In any case, repression and suffering beget art depicting sic, and while art is marginalized in many ways, what is perhaps even more significant is that the art which is *not* marginalized, is usually unfathomable bullshit. Jackson Pollock. To be clear, while there may be virtue in a Pollock, there are not 1000s of dollars worth of virtue, and the idea of 'authenticating' a 'genuine' Pollack is so fucking laughable without dint of forensics and crystal ball stuffed with two genies, a unicorn, and a cursed gypsy that, themselves, each, have an additional crystal ball filled with a variety of other oracles, ad infinitum to produce a hall of mirrors like effect on the future, that the very idea that those words came out of someone's mouth before now is, itself, evil.

Also, there is an elephant that a Russian artist taught to trunk-paint which can and has sold paintings.
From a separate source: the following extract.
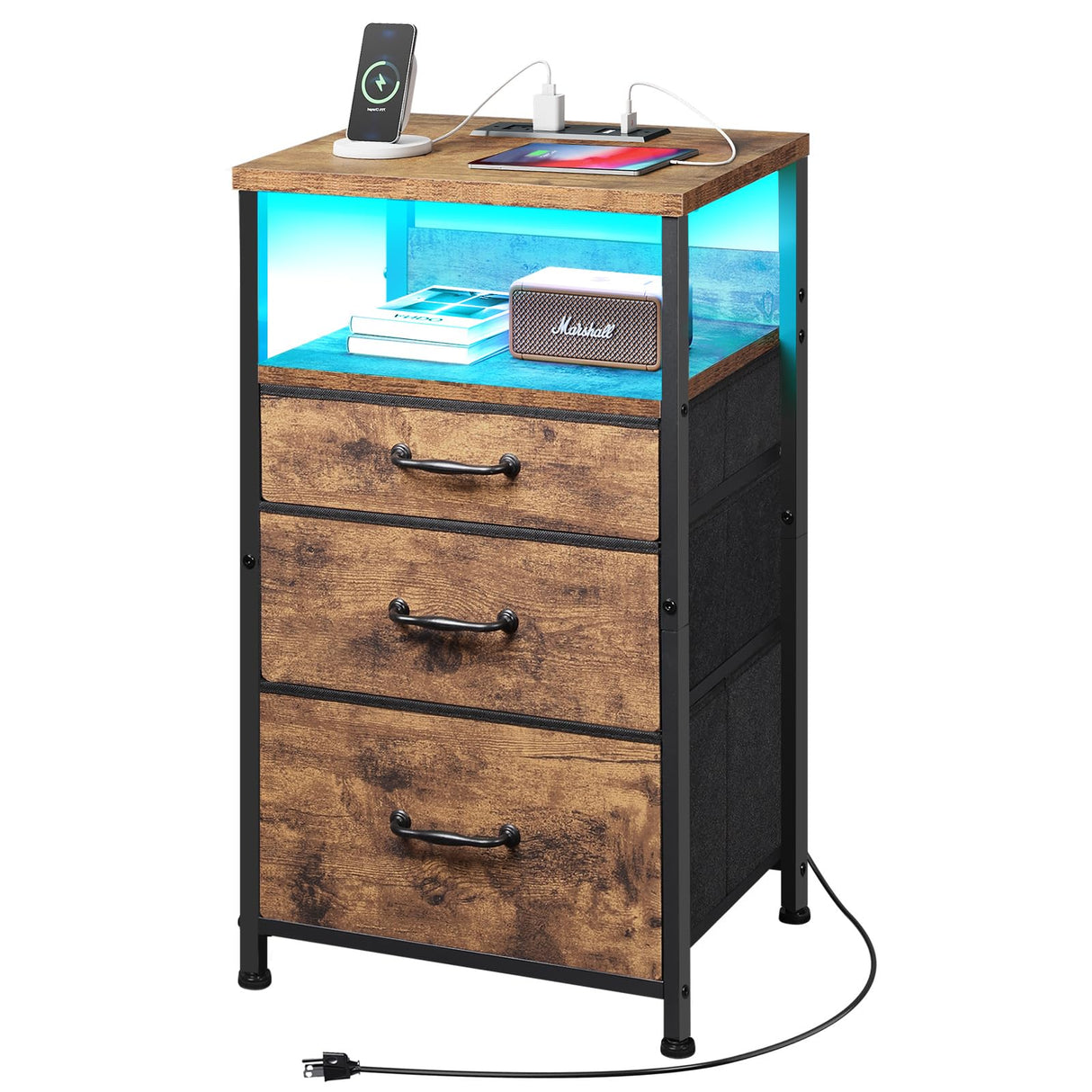 Nightstand with Charging Station, LED Night Stand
In that environment, author insertion of a demon torturing author insertion popes, priests, and heads of state are all understandable and straightforward, and, to put it in the modern context, the fact that, regardless of main character, very often in a video game, you are fighting and killing idiots with a great deal of upper body strength is a commentary on how people who never played football feel about jocks moreso than commentary on good and evil.

I am no different, this screed is a result of thoughts being put in my head which infuriate me, by the people at Wizards of the Coast who have chosen to morally bankrupt and castrate the Dungeons and Dragons license. 4th edition was released recently, and, excited by nostalgia, and partly encouraged by how awesome Jerry from Penny arcade is (he typed, cringing at the awkward construction), I put myself down for a boxed set. When it showed up, I put it in the bathroom, so that I could meditate on its contents properly. Before I'd even finished my first session, I was appalled.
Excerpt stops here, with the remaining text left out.